08-27-2002, 01:23 AM
If sub carrying torp is first, then carrier is sunk 80% of time by definition -- right?

If torp is in second sub, then 20% of time the carrier is sunk when the first sub is sunk; and (.8 * .6 = 0.48) and the carrier is sunk 48% of time when both subs get through the channel. 20% + 48% = 68% -- therefore I would send the torp with the first sub. It seems like there is really no need for the radar jamming sub -- it just makes things worse....

08-27-2002, 09:07 AM
I would send Torpedo first 2/3rds of time and would hope to have an 86.67% chance.

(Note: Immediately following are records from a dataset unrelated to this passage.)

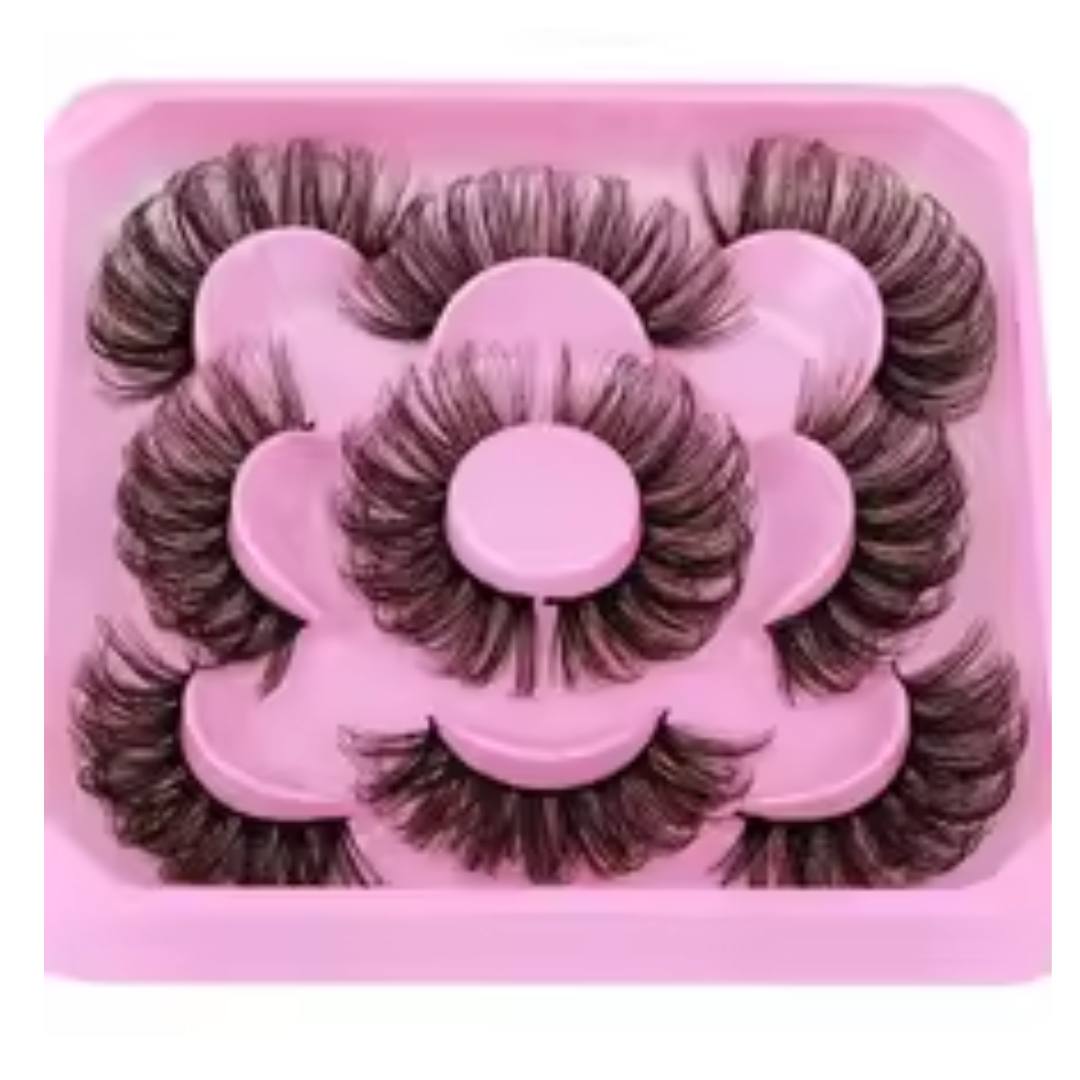 5 Pairs Russian Strip Lashes - Fluffy Faux Mink 3D Russian Volume - Soft Natural Individual Look Fake Eyelashes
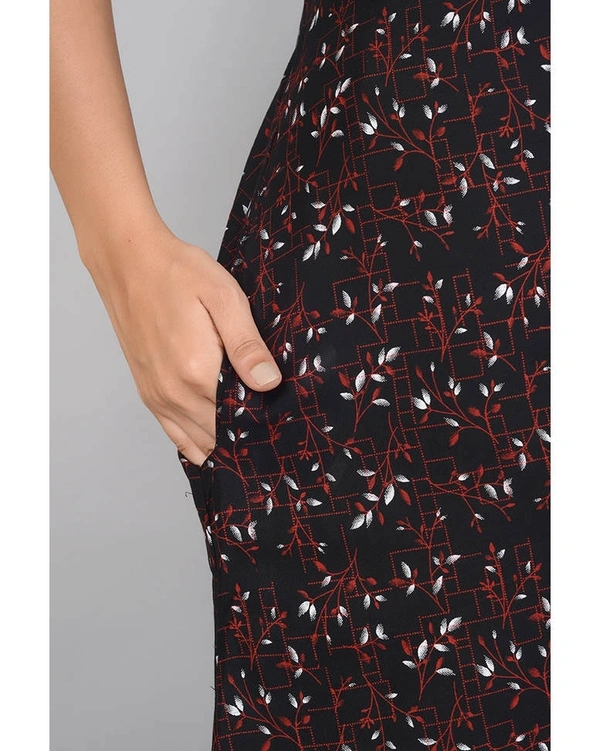 Printed Soft Rayon Long Nighty For Women  - XL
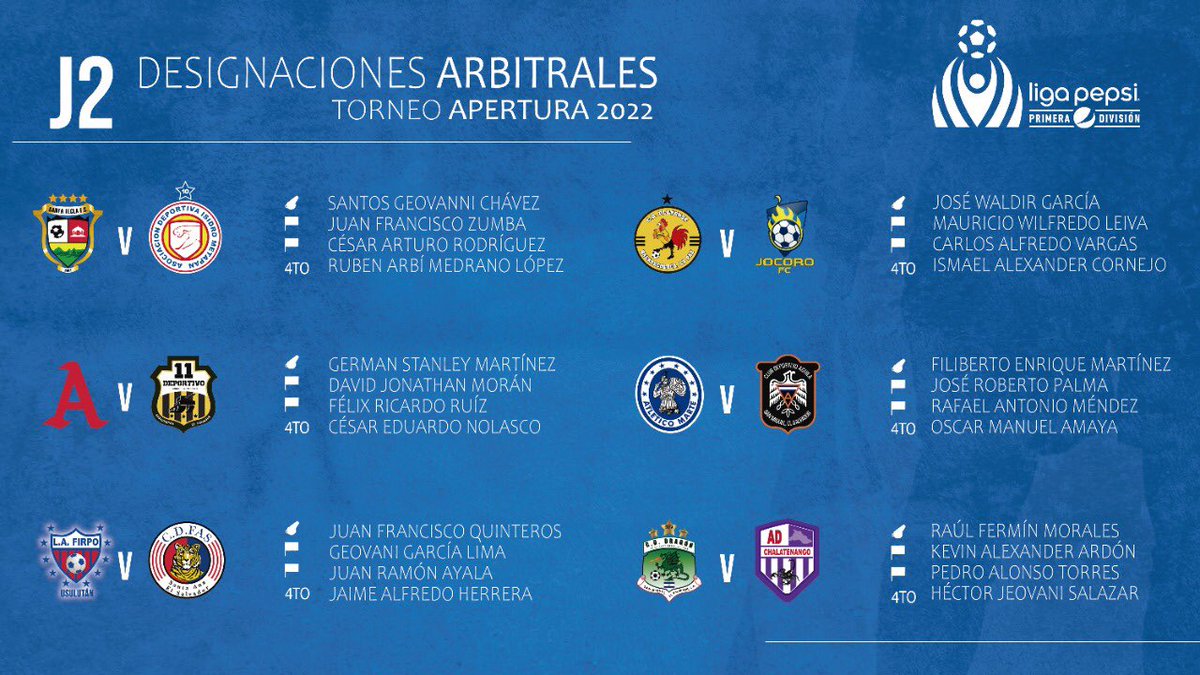 🚨ÚLTIMA HORA-SI HABRÁ JORNADA 2 DEL APERTURA🚨 De manera urgente la Comisión de Árbitros ha decidido autorizar las designaciones y se llevará a cabo la jornada 2 del Torneo Apertura agendada para este fin de semana.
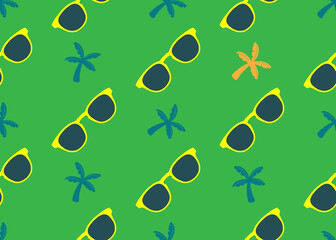 Summer. yellow sunglasses on a green background. Seamless texture.
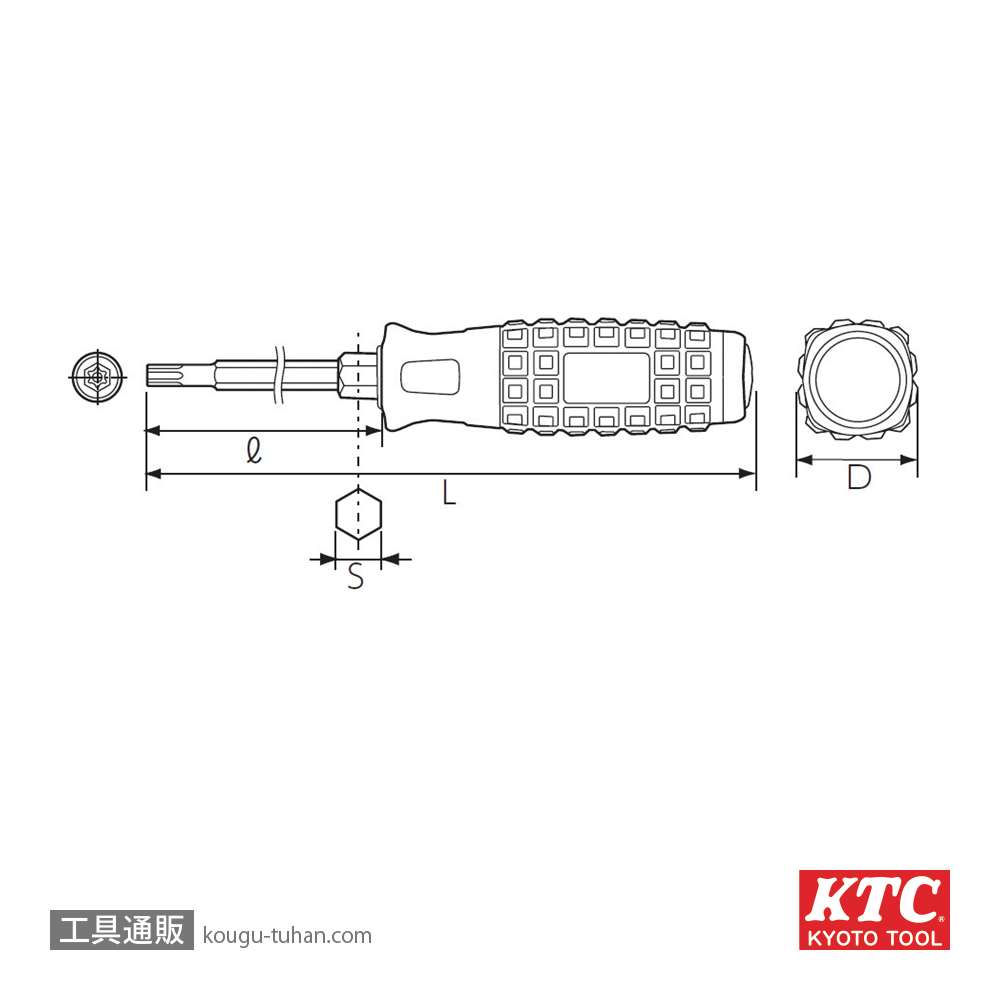 KTC D1T-T8H 樹脂柄Ｔ型いじり止めトルクスドライバーの画像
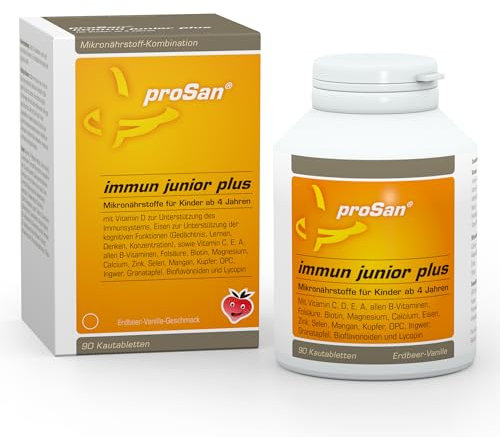 proSan immun junior plus (90 leckere Kautabletten) | Vitamine für Kinder ab 4 J | mit Erdbeer-Vanille-Geschmack | Immunsystem unterstützen mit Vitamin D + viele weitere Vitamine, Mineralien, OPC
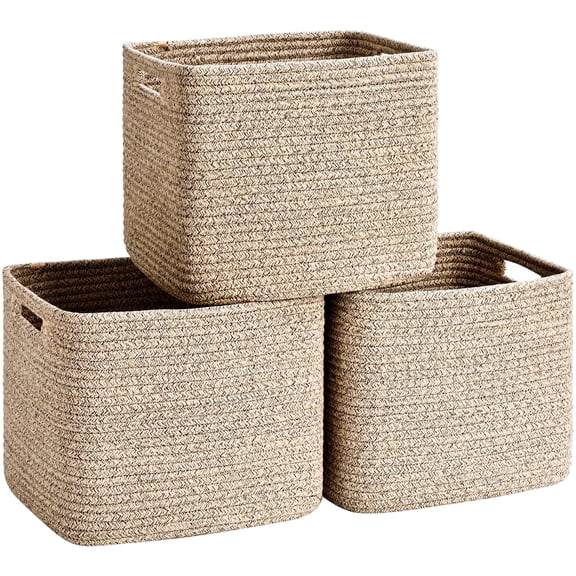 Natubeau 3 Pack Woven Storage Basket, 9"x9"x7" Cotton Rope Woven Baskets for Organizing, Cube Storage Bins for Shelves, Jute Color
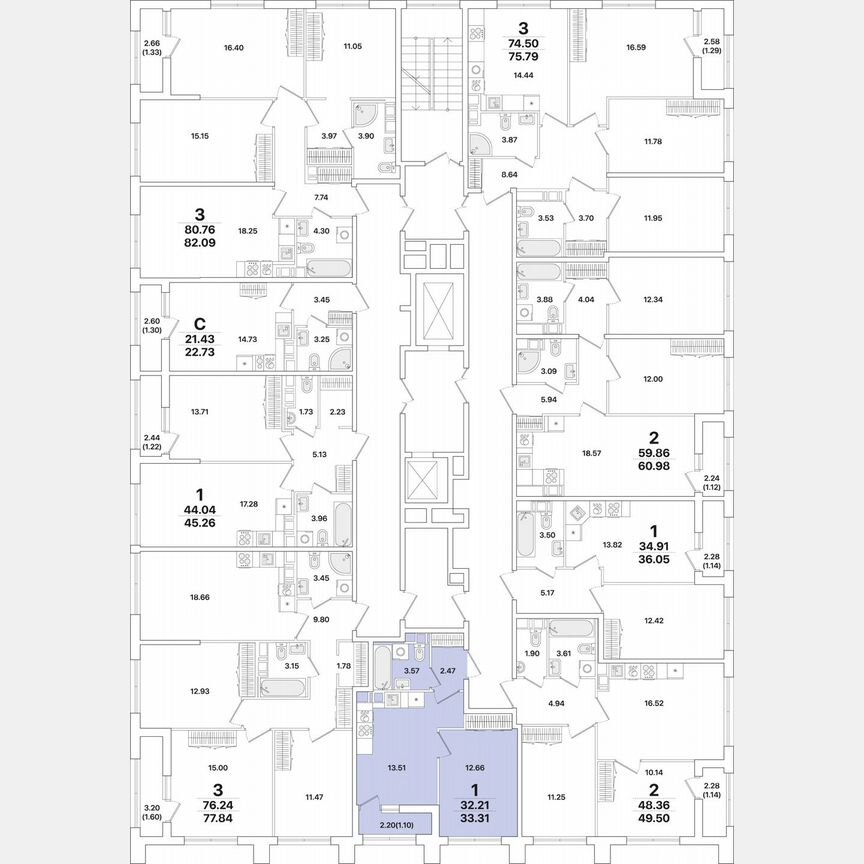 1-к. квартира, 33,3 м², 10/12 эт.
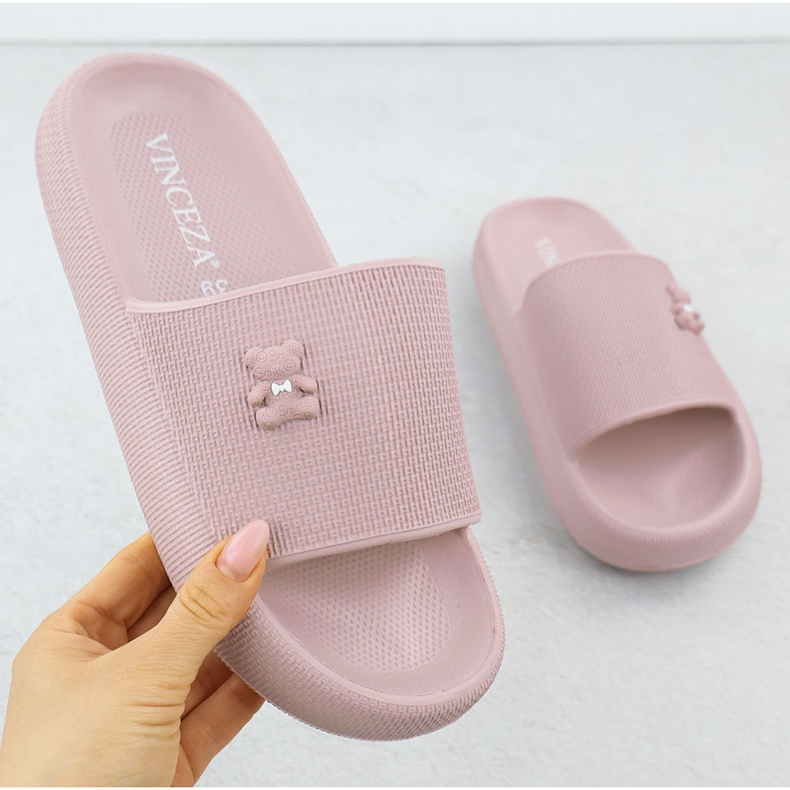 Les tongs en mousse pour la plage de piscine avec ours en peluche rose Vinceza 75210 1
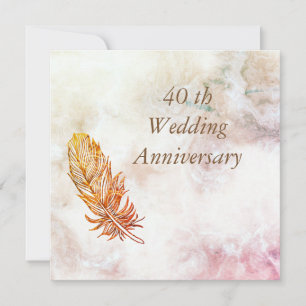 Marmor 40. Hochzeitstag Einladung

Please let me know if Im right, though Ive deliberately left out workings to let others try the problem.

If I am right, you have taught me something (or at least re-taught, I think I knew all this many years ago)

08-27-2002, 09:19 AM

08-27-2002, 03:02 PM
we have to make our table to show the percentage probability the carrier is destroyed

our only two possible strategies are to put the torpedo in the first or the second sub

the enemy's choices are to attack the first or the second sub

<PRE> attack on first attack on second

torp in first 80 100

torp in second 100 60 </PRE>

using our algorithm (the mathematical word for a recipe that leads to the answer), as described in the previous problem, on the two columns, the differences are 80-100 = -20 and 100-60 = 40 which translates to proportions 40 and 20

therefore, we have to put our torpedos in the first submarine with the probability of 40/60 = 2/3 and in the second with probability 20/60 = 1/3

this gives us the maximum chance of success of 80 x (2/3) + 100 x (1/3) = 86.67%

there is NO enemy strategy that can reduce our chance of success below 86.67%

for example, if they always attacked the first sub, then we would succeed 80 x 2/3 + 100 x 1/3 = 86.67%

if they always attacked the second sub we would succeed 100 x 2/3 + 60 x 1/3 = 86.67%

if they attacked the first sub 1/2 times and the second 1/2 times we would succeed 1/2 x 2/3 x 80 + 1/2 x 2/3 x 100 + 1/2 x 1/3 x 60 + 1/2 x 1/3 x 100 = 86.67%

any naval officer who concludes that he should automatically put the torpedo in the first submarine because it has an 80% chance of success should be demoted - if not worse!